-- RECORDS FOR THE EXERCISE --
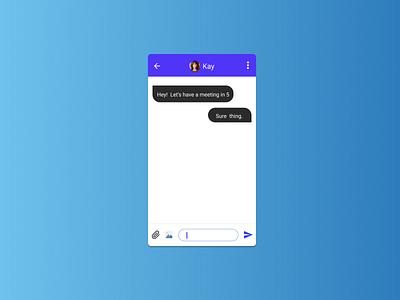 Daily UI #013 Direct Messaging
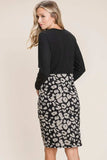 BOMBOM Leopard Color Block Knit Dress - Trendsi - Flyclothing LLC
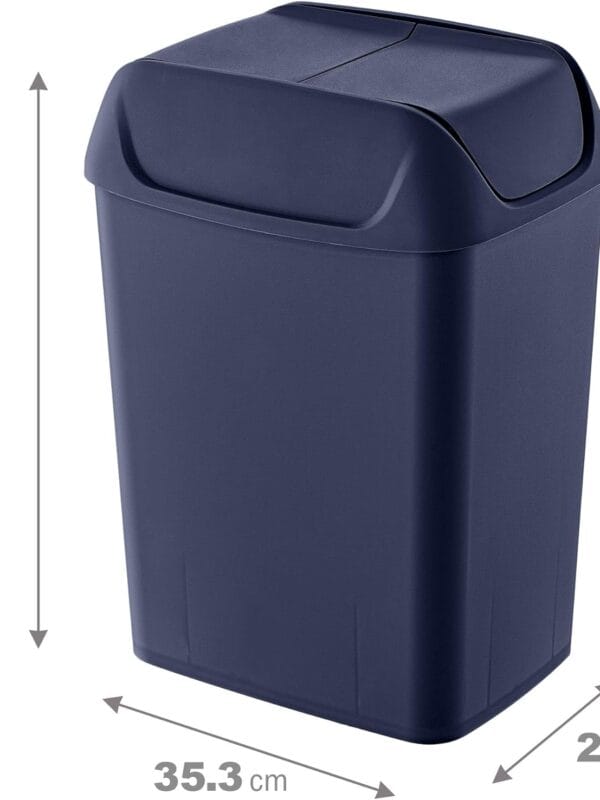 Smartware Svingi Çöp Kutusu 20 LT Lacivert - LACİVERT, Çok Amaçlı Çöp Kutusu
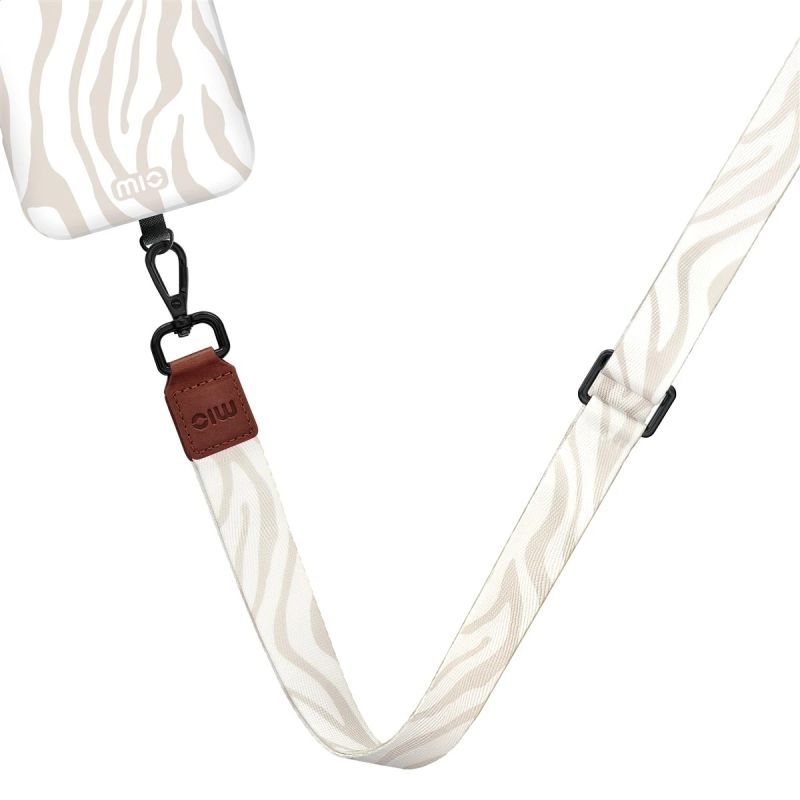 MIO Lanyard strap Sandy Zebra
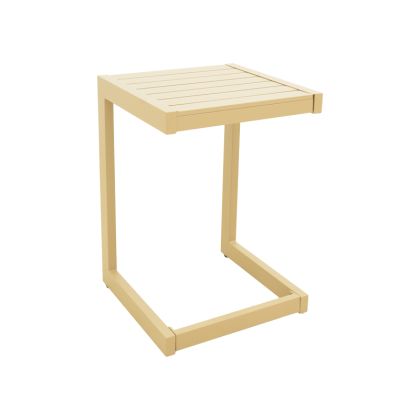Aluminum table Aether in cappuccino color 37.5x36.5x53cm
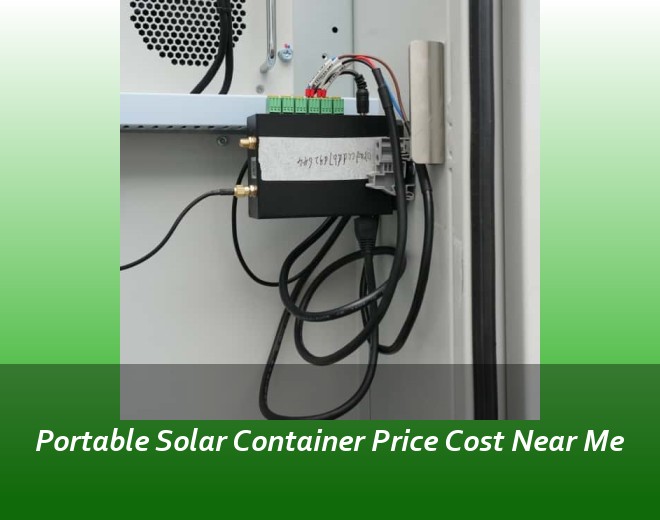 Portable Solar Container Price Cost Near Me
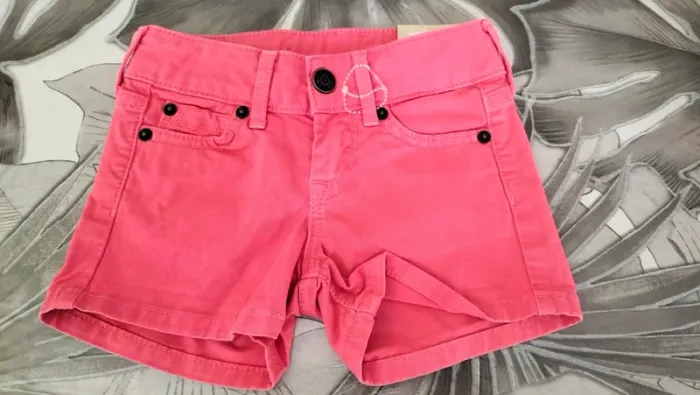 Short en jean fushia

-- DESCRIPTION OF THE TASK --
Give an exact copy of the listing, without its pictures.

-- RESPONSE TO THIS EXERCISE --
 Daily UI #013 Direct Messaging
 BOMBOM Leopard Color Block Knit Dress - Trendsi - Flyclothing LLC
 Smartware Svingi Çöp Kutusu 20 LT Lacivert - LACİVERT, Çok Amaçlı Çöp Kutusu
 MIO Lanyard strap Sandy Zebra
Aluminum table Aether in cappuccino color 37.5x36.5x53cm
 Portable Solar Container Price Cost Near Me
 Short en jean fushia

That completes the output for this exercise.